Il résulte de tout ce qui précède, sans qu’il soit besoin de se prononcer sur la régularité du jugement attaqué ni sur les autres moyens de la requête, que Mme B… est fondée à demander l’annulation de la décision du 14 avril 2022 de la commission de recours contre les décisions de refus de visa d’entrée en France et, par suite, à soutenir que c’est à tort que, par le jugement attaqué, le tribunal administratif de Nantes a rejeté sa demande.
Sur les conclusions à fin d’injonction sous astreinte :
L’exécution du présent arrêt implique nécessairement qu’un visa de long séjour soit délivré à F… B…. Il y a lieu d’enjoindre au ministre de l’intérieur de délivrer ce visa dans un délai de deux mois à compter de la notification de l’arrêt. Il n’y a pas lieu, dans les circonstances de l’espèce, d’assortir cette injonction d’une astreinte.
Sur les frais liés au litige :
Mme B… a obtenu le bénéfice de l’aide juridictionnelle.
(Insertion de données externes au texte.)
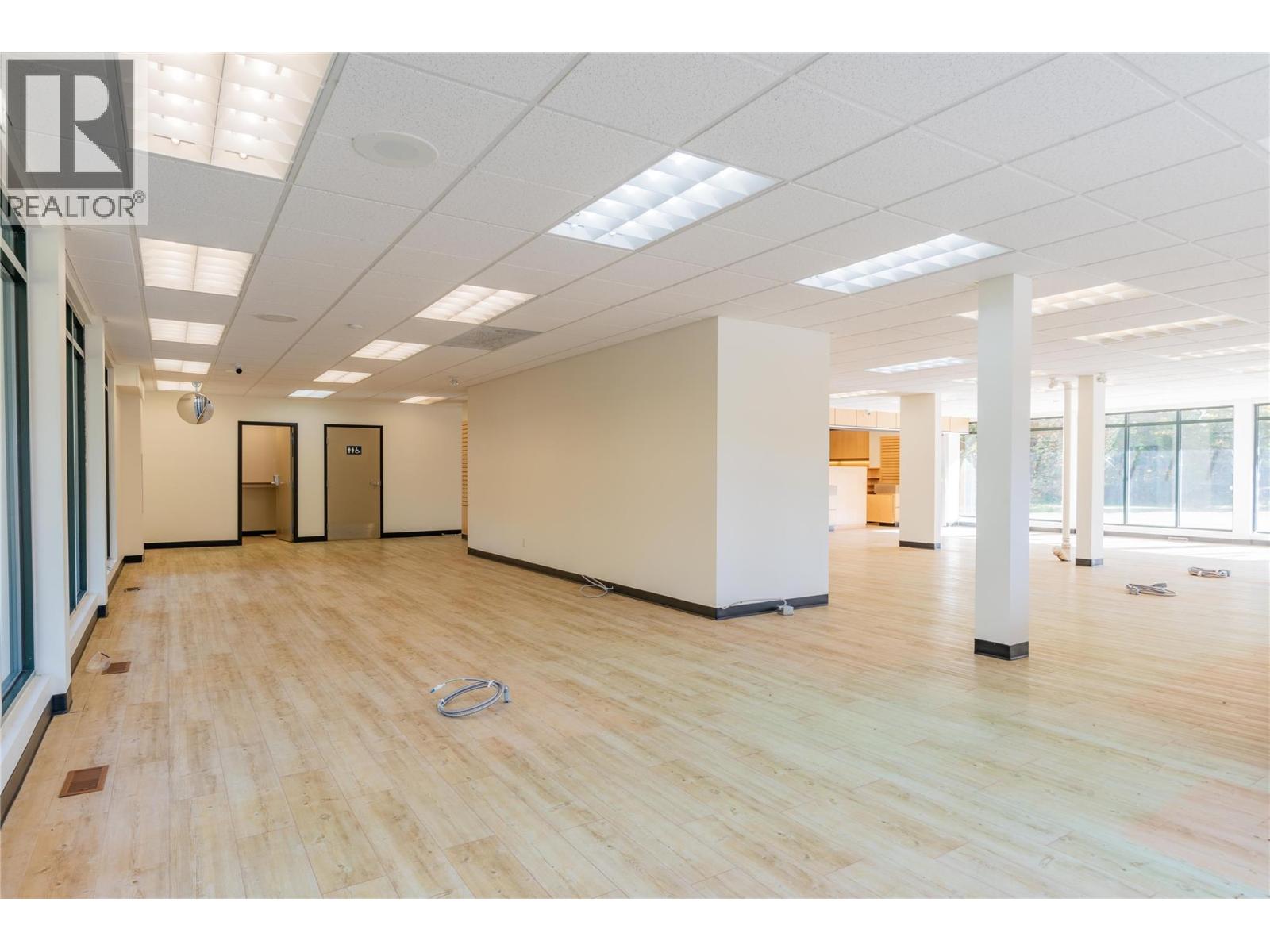 1746 Sandner Frontage Road, Christina Lake, British Columbia  V0H 1E0 - Photo 31 - 10368821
Par suite, son avocate peut se prévaloir des dispositions de l’article 37 de la loi du 10 juillet 1991. Il y a lieu, dans les circonstances de l’espèce, de mettre à la charge de l’Etat le versement de la somme de 1 500 euros à Me Blache dans les conditions fixées à l’article 37 de la loi du 10 juillet 1991.
DÉCIDE :
Article 1er : Le jugement n° 2206684 du 10 février 2023 du tribunal administratif de Nantes est annulé.
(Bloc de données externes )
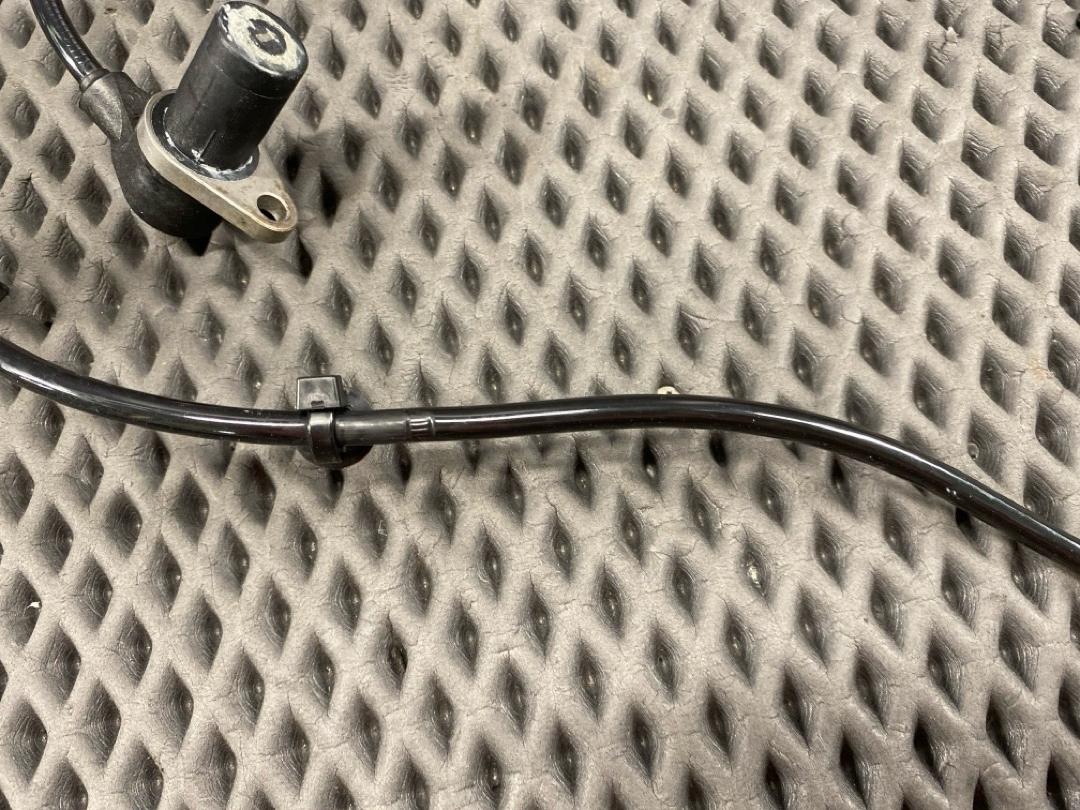 Датчик ABS, 2120 рублей, Красноярск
Article 2 : La décision du 14 avril 2022 par laquelle la commission de recours contre les décisions de refus de visa d’entrée en France a rejeté la demande de visa d’entrée et de long séjour en France présentée pour F… B… est annulée.
Article 3 : Il est enjoint au ministre de l’intérieur de délivrer à F… B… un visa d’entrée et de long séjour dans le délai de deux mois à compter de la notification du présent arrêt.
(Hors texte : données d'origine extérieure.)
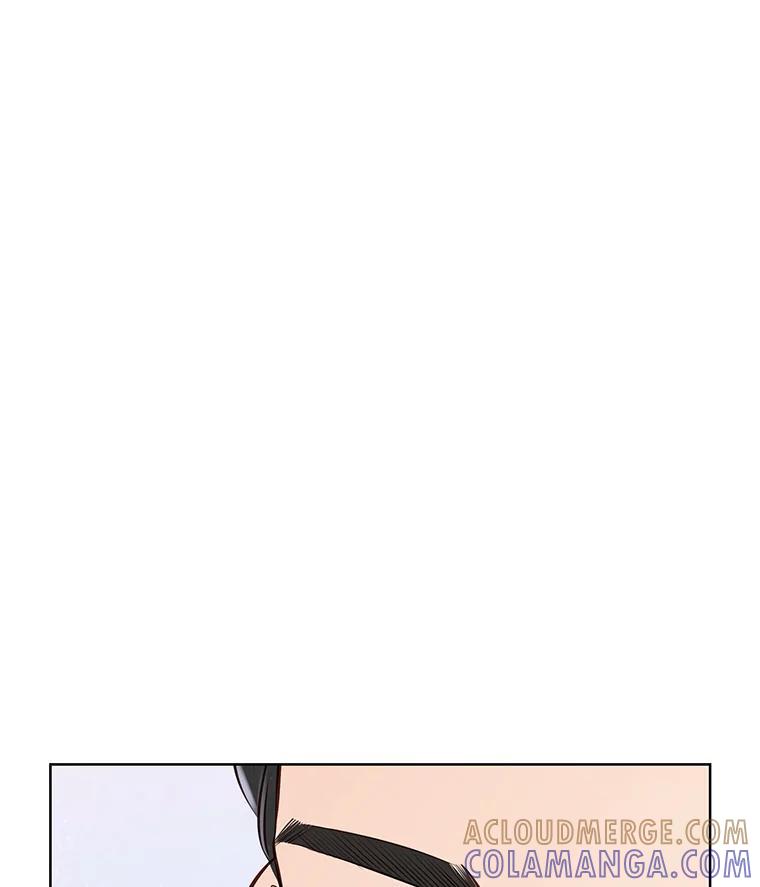 《漂亮哭泣的男人》63.漂亮哭泣的男人 第49页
Article 4 : L’Etat versera à Me Blache une somme de 1 500 euros dans les conditions fixées à l’article 37 de la loi du 10 juillet 1991.
Article 5 : Le surplus des conclusions de la requête est rejeté.
Article 6 : Le présent arrêt sera notifié à Mme D… B… et au ministre de l’intérieur.
Délibéré après l’audience du 18 décembre 2025, à laquelle siégeaient :
- Mme Rimeu, présidente de chambre,
- Mme Dubost, première conseillère,
- M. Hannoyer, premier conseiller.
Rendu public par mise à disposition au greffe le 20 janvier 2026.
Le rapporteur,
R. HANNOYER
La présidente,
S. RIMEU
Le greffier,
C. GOY
La République mande et ordonne au ministre de l’intérieur en ce qui le concerne, et à tous commissaires de justice à ce requis en ce qui concerne les voies de droit commun contre les parties privées, de pourvoir à l’exécution de la présente décision.